Understanding SQL GROUP BY

Edward Loveall

This is part 3 of a series on SQL basics. Read part 1 and part 2 for context on SELECT, WHERE, and JOIN and how to set up a test database to follow along with these examples.

When I first had to use GROUP BY, it was anything but intuitive. It was only after I learned the mental model below that it started to make sense.

Do You Speak SQL?

Let’s say we want to know the number of languages spoken in each country in our database. This is a perfect case for grouping. The countrylanguage table has one row per language per country so we should be able to count them up. According to this, there are twelve languages spoken in the USA:

SELECT * FROM countrylanguage
WHERE countrycode = 'USA';

But how do we show that as a number?

There Can Be Only One

A lot of people (including a past-me) think of GROUP BY like a parent-child sort of structure, where you group by some key (like countrycode) and all other attributes that related to that key are nested inside.

Missing data in a languages table A table with two columns listing country codes and a language spoken in that country. The country code is USA for the first row, then blank for the remaining.

In the last post, I stressed that SQL actions like WHERE and SELECT act on a single table. There’s a corollary for rows: every table row has one and only one value per column. That means the above table is not possible to represent in SQL.

If you ran the query at the start of the post, you’ll know that the data that we have before we group looks more like this:

Duplicated data in a languages table A table with two columns listing country codes and a language spoken in that country. The country code is USA for every row.

Grouping in SQL is closer to a process of sorting, then squishing or flattening. SQL calls this flattening aggregation. If every table has one and only one value per column then we need tell our query how to turn those multiple values into one.

Aggregation can take many forms. We’re about to simply count up the number of rows, but you could also:

  • Join each word together with commas: English,Spanish,French
  • Get the biggest number: biggest of 1, 6, 2 = 6
  • Get an average of numbers: average of 1, 6, 2 = 3

There are lots of ways to combine rows together based on your needs.

Picking Favorites

Before we start grouping we need to decide which columns to flatten, and which columns to GROUP BY. Both types of columns go in the SELECT clause. For this query, we’re going to use countrycode and language.

The grouped columns will, by definition, be the same value so we don’t have to decide how to combine (aggregate) them. Multiple countrycode values will all merge together into the same value.

It’s worth noting that you can also group by multiple columns. An example would be grouping people by current country and language spoken. E.g. you don’t want everyone from Andorra in one group. Instead you want everyone who can speak Spanish, Catalan, and Portuguese from Andorra in distinct groups.

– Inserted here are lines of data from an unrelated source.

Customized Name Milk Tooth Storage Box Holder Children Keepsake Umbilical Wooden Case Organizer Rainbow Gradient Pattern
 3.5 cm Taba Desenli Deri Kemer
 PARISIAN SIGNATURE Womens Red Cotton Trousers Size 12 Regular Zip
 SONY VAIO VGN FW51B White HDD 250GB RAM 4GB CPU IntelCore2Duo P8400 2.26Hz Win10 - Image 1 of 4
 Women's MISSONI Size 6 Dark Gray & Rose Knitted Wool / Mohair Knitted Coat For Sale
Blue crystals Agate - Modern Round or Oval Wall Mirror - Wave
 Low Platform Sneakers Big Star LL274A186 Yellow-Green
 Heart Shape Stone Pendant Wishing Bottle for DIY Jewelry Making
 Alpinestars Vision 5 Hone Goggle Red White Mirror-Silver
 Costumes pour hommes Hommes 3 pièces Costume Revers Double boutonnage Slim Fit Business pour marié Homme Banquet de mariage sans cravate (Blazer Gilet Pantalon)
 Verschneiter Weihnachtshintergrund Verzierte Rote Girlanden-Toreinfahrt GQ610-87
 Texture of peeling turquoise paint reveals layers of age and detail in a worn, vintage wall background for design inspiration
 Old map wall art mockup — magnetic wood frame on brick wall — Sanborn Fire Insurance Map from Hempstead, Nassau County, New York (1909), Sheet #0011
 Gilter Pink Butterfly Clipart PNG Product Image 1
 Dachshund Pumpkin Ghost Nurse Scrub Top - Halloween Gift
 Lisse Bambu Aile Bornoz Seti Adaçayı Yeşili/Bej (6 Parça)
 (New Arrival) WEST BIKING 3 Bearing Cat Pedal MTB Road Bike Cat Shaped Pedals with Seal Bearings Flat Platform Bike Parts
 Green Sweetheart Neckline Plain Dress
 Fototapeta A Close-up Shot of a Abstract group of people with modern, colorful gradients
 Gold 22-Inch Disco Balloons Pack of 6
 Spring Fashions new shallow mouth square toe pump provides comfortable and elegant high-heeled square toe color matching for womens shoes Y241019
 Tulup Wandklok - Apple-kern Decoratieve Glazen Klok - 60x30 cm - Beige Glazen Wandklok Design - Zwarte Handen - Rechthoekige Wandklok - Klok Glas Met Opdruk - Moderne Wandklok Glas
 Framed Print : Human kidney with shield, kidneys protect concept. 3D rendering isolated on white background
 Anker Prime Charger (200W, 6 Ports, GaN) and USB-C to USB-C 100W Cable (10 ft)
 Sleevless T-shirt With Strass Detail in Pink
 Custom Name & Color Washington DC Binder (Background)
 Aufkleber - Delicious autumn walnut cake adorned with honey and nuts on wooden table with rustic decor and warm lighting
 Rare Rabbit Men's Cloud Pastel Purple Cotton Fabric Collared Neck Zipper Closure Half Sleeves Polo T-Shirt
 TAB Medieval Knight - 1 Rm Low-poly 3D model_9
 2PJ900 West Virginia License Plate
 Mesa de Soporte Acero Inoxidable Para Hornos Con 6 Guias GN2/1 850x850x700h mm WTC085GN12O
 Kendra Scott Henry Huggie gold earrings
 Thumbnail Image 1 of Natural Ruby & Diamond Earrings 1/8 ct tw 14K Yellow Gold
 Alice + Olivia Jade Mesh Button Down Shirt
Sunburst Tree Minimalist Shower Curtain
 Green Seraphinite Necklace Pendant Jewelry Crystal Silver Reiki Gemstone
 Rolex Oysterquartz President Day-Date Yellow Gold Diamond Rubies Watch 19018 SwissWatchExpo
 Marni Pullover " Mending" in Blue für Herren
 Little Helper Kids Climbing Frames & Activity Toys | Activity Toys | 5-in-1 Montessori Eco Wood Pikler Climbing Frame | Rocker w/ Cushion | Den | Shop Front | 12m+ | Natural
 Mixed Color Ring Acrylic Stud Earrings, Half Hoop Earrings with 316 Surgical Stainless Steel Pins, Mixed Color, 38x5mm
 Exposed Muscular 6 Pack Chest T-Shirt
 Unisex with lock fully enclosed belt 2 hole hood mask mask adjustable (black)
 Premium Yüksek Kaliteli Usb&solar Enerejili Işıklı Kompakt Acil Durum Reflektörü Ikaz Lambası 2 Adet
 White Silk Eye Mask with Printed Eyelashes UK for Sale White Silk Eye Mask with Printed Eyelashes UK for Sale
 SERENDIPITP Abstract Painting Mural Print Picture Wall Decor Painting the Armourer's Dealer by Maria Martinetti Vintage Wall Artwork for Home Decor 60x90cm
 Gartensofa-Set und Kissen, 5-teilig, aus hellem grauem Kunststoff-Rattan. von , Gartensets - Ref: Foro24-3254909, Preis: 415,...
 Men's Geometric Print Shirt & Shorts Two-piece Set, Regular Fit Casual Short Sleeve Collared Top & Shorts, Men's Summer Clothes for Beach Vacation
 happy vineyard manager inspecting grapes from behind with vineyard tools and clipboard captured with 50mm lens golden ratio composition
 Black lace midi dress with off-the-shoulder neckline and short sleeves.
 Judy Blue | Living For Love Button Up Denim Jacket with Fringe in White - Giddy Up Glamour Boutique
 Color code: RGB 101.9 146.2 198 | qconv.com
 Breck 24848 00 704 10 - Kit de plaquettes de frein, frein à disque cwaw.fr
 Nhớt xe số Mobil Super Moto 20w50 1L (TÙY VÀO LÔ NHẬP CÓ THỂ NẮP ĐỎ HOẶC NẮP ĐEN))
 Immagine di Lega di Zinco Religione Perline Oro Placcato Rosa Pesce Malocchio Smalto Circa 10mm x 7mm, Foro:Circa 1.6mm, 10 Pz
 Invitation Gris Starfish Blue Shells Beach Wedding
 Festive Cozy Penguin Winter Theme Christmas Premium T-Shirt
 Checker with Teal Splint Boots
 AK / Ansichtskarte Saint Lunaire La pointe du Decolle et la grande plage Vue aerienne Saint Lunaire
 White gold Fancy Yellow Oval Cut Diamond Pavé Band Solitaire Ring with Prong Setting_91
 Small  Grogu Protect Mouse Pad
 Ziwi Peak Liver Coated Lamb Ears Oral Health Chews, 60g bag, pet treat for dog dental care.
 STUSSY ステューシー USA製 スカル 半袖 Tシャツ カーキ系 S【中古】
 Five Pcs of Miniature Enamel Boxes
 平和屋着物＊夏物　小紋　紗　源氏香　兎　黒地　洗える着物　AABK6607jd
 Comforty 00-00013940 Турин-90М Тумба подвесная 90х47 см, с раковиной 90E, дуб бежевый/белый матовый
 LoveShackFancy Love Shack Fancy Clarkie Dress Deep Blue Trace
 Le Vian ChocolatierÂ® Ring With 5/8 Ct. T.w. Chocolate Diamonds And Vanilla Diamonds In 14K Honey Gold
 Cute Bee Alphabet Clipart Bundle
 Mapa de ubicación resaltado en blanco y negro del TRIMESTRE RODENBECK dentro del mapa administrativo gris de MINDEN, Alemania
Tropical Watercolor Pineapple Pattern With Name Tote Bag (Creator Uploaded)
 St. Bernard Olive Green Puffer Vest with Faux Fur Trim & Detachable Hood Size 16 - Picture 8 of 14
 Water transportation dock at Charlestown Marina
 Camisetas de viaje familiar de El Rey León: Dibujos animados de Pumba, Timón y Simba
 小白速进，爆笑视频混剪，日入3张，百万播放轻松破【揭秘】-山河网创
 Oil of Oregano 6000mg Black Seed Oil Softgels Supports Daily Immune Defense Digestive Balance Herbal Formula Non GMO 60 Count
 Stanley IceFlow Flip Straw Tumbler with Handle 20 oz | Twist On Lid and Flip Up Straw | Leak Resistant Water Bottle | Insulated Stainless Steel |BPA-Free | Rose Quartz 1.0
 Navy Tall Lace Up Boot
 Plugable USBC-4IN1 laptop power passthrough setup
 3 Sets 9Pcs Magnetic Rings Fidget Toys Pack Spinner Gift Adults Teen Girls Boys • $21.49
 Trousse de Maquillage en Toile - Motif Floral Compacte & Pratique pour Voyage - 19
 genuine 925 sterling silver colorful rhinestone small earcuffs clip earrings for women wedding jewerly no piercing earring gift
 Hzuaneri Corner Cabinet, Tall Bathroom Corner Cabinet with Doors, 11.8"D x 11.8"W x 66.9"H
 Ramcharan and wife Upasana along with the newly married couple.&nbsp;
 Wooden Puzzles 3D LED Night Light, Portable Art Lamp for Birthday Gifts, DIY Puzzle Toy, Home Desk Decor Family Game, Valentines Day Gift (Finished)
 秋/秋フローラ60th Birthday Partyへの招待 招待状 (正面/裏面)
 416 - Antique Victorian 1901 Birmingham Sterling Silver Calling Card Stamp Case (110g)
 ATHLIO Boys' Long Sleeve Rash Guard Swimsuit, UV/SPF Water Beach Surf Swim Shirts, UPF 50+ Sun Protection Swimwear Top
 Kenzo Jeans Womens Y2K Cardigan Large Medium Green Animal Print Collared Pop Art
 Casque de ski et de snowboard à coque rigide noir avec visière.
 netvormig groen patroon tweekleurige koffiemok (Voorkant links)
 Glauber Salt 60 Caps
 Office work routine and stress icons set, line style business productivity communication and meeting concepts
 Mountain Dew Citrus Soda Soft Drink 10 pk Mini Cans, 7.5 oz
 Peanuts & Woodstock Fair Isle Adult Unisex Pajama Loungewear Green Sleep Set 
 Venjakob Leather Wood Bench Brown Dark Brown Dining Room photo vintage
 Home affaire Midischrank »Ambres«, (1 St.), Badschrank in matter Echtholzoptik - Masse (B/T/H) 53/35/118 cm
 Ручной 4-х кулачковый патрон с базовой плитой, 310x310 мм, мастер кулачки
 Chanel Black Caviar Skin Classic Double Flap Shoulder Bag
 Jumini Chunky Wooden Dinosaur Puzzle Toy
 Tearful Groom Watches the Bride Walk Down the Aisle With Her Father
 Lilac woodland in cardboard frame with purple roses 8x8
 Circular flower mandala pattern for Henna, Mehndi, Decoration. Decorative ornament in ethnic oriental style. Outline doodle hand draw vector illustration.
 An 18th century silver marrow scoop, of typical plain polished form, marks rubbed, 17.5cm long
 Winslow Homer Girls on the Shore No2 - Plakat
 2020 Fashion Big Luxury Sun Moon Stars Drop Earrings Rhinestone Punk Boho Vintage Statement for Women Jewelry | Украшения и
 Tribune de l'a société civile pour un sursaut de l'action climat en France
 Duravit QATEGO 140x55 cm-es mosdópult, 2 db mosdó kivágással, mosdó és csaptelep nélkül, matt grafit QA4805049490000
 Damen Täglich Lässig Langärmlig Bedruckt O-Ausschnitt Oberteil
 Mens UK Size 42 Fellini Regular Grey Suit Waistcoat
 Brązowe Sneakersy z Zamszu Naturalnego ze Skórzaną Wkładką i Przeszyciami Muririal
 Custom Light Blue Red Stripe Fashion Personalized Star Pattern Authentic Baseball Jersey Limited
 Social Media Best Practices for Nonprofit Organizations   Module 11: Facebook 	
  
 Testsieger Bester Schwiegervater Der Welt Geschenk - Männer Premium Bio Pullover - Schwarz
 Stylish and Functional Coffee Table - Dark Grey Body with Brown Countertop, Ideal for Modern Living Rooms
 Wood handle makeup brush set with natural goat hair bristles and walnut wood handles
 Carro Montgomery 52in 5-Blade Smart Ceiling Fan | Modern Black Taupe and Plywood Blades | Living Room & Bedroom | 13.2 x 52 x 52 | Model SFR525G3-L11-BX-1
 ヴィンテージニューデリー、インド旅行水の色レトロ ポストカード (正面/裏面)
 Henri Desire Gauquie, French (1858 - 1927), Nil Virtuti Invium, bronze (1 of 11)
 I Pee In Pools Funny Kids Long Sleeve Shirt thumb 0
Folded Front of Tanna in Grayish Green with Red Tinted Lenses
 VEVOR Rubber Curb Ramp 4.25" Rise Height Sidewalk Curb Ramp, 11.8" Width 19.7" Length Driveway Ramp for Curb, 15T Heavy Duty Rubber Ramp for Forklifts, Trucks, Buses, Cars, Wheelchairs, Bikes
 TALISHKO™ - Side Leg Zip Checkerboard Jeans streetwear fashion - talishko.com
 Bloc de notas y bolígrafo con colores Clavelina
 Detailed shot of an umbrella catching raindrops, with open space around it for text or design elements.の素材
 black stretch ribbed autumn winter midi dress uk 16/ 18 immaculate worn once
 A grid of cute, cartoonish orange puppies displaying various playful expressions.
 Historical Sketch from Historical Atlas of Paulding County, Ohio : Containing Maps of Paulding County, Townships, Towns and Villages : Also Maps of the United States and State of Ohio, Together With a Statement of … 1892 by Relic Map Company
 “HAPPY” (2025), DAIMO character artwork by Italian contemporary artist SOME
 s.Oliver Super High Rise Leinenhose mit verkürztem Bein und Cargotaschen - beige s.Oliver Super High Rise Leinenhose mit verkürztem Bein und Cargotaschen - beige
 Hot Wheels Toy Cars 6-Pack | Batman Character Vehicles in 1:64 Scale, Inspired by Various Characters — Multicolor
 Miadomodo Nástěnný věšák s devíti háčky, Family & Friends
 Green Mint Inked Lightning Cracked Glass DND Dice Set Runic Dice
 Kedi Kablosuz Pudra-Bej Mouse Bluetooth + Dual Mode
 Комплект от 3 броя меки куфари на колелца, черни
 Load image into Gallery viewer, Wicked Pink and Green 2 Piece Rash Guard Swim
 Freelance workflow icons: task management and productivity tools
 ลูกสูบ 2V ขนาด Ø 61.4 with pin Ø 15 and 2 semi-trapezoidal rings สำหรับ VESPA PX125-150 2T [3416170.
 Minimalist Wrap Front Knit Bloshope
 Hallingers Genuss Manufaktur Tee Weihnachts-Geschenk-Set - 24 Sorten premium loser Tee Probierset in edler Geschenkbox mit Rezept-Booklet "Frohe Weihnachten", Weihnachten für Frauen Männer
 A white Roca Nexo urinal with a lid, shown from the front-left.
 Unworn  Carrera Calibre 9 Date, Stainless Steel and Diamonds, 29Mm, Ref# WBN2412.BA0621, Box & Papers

The remaining, ungrouped columns will need to use an aggregate function so they know how to be merged together. No other columns can be included in the SELECT clause. If there are extra columns you’ll see this error message:

column “language” must appear in the GROUP BY clause or be used in an aggregate function

In our example we want to group everything by the countrycode and aggregate the number of languages. Our query looks like this:

SELECT
  countrycode,
  language -- this will need some kind of aggregate function
FROM countrylanguage
GROUP BY countrycode;

For our query, we want to know the number of languages per country, so we will use the COUNT function.

SELECT
  countrycode,
  COUNT(language)
FROM countrylanguage
GROUP BY countrycode;

Duplicated data in a languages table A table with two columns listing country codes and a language spoken in that country. The country code is USA for every row.

Even with all this explanation, GROUP BY can remain a bit baffling. Let’s walk through it one more time step-by-step:

  1. Start with the full, ungrouped table.
  2. Sort all the rows together based on the GROUP BY columns. So in our example: move all the USA rows together, and then all the TUV rows, and so on.
  3. For each group
    1. All of the columns specified in the GROUP BY clause are already the same so they simply collapse down into that value.
    2. For the other columns, they get combined based on the aggregate function. In our case, we COUNT each row that exists and display the final number.

GROUP BY is such a useful feature of SQL, but it’s not always intuitive the first few times you use it. My hope is that these mental models will serve you in your SQL travels. Good luck!